THE TASK:
The required output is the line that contains "花嫁 木目込人形 白無垢 白赤衣装／共箱あり／木目込花嫁人形 高さ約32cm" and every line after it, each written out exactly, up to the end of the entries.

DATA SUPPLIED:
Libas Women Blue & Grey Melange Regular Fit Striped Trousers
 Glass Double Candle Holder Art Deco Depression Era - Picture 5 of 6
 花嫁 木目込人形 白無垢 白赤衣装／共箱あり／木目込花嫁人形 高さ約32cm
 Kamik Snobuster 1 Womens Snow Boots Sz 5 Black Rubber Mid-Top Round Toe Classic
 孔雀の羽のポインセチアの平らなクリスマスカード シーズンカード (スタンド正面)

EXERCISE RESULT:
 花嫁 木目込人形 白無垢 白赤衣装／共箱あり／木目込花嫁人形 高さ約32cm
 Kamik Snobuster 1 Womens Snow Boots Sz 5 Black Rubber Mid-Top Round Toe Classic
 孔雀の羽のポインセチアの平らなクリスマスカード シーズンカード (スタンド正面)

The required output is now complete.